If the majority wants something else, the ruling class still gets its way, and the majority is either suppressed or deceived. In a middle-class government, therefore, constitutional liberties are a shield for the privileges of the capitalists who alone have real power; for the working class they are a facade that covers coercion or deception. Any government at bottom is a dictatorship, and the practical question is, Who controls whom?

This conclusion Lenin would presently apply to the government which he was about to set up, but for the moment he was content to show that majority rule has nothing to do with making a revolution. Among revolutions, he said, there are innumerable instances in which the more organized, more class conscious, better armed minority forces its will upon a majority. A revolutionary party takes power and gets its majority afterwards.

The conclusion was directly relevant to two important strategical problems. One was, as always, the relationship of Lenin’s party, as the vanguard of the proletariat, to the peasants, who unquestionably were a majority. The answer to this was already implicit in Lenin’s slogan, the revolutionary democratic dictatorship of the proletariat and the peasantry, and equally in Trotsky’s theory of permanent revolution.

For both implied utilizing the land hunger of the peasants to get temporary support for a revolution spearheaded by an urban working class minority, and both, implied breaking the alliance as soon as the peasants ceased to be tractable. The other problem was the relationship of the party to the soviets, and this was more difficult.

When Lenin returned in April the actual situation was what he described as Dual Power, the existence side by side of the bourgeois Provisional Government and the soviets. Under the circumstances the only possible slogan for a left-wing party was. All power to the soviets, and this Lenin adopted and continued to use (except for an interval in July when Konrnilov’s plot threatened a military dictatorship).

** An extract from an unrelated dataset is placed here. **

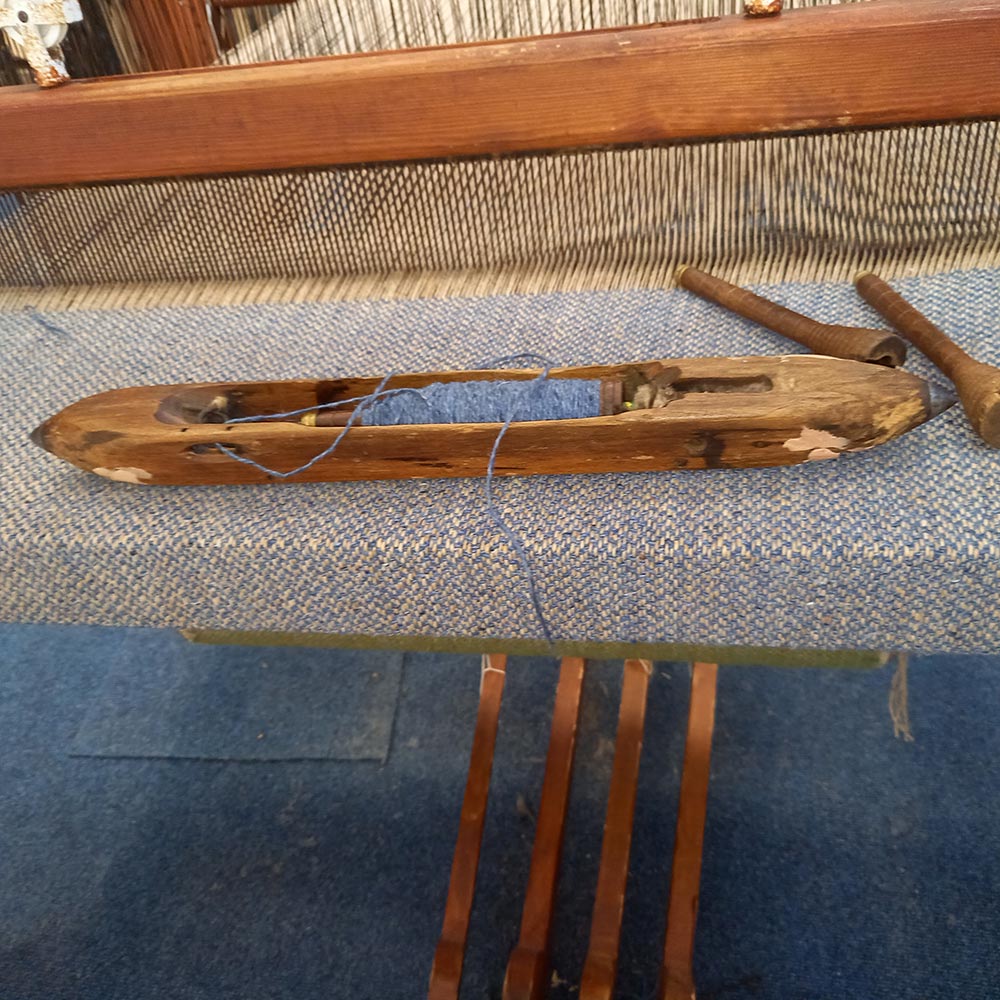 A colourful selection of woolen spools on the floor beside a loom.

But in the soviets Marxists of any kind were a minority, and Bolsheviks were a minority among Marxists. Moreover, the revolutionary spontaneity of the soviets and their primitive democracy were more nearly in accord with Menshevik ideas about the federalism of socialist party organization than with Lenin’s theory of a rigidly centralized party. Besides, it was Trotsky, not Lenin, who had been the hero of the St. Petersburg soviet in 1905, and who had described the soviets as an embryo of a revolutionary government, while Lenin’s party had looked askance at both the soviets and the trade unions.

There came to be a myth, sedulously propagated after Lenin became the hero of a successful revolution, that he had instantly perceived, at the very beginning, that the soviets were uniquely suited to be the organs of a socialist revolution. This is not borne out by the record of 1905-1906.

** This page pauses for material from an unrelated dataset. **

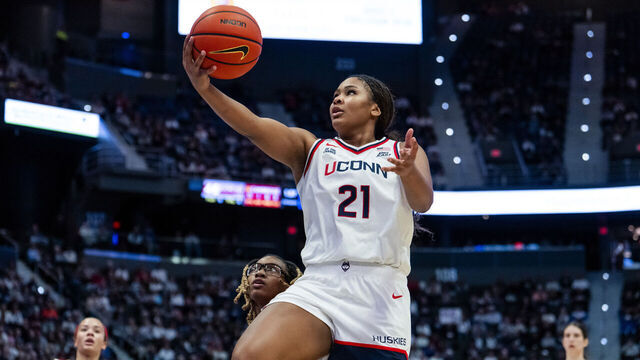 HARTFORD, CONNECTICUT - NOVEMBER 16: Sarah Strong #21 of the Connecticut Huskies drives to the rim against Jaloni Cambridge #22 of the Ohio State Buckeyes during the second half of an NCAA women's basketball game at PeoplesBank Arena on November 16, 2025 in Hartford, Connecticut.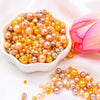 A pile of assorted golden and pinkish pearl beads for jewelry making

Lenin did indeed recognize the importance of the soviets as organs of direct mass struggle, and he reproved his followers for neglecting them. But his attitude toward the soviets in 1905 was one of little sympathy and a good deal of suspicion. His emphasis fell on their insufficiency for organizing the insurrection, and he even suggested that, if the revolution were properly organized, the soviets might become superfluous.

No other opinion was consistent with Lenin’s belief in the control of spontaneity by consciousness, or his theory of the party as the seat of proletarian consciousness. And indeed this was almost what happened in 1917. By the end of October the party was in control of the soviets, which were on the way to becoming, not exactly superfluous, but a front for government by the party.

As for Trotsky, who did not reach Russia until the middle of May, he was content to forget his blast at Lenin’s party, once he learned that Lenin had already adopted the kernel of his theory that the two revolutions would merge. The two leaders of the revolution had at last got together, and majority rule became indeed an illusion in the last free election at the end of 1917 the Bolsheviks polled about a quarter of the votes.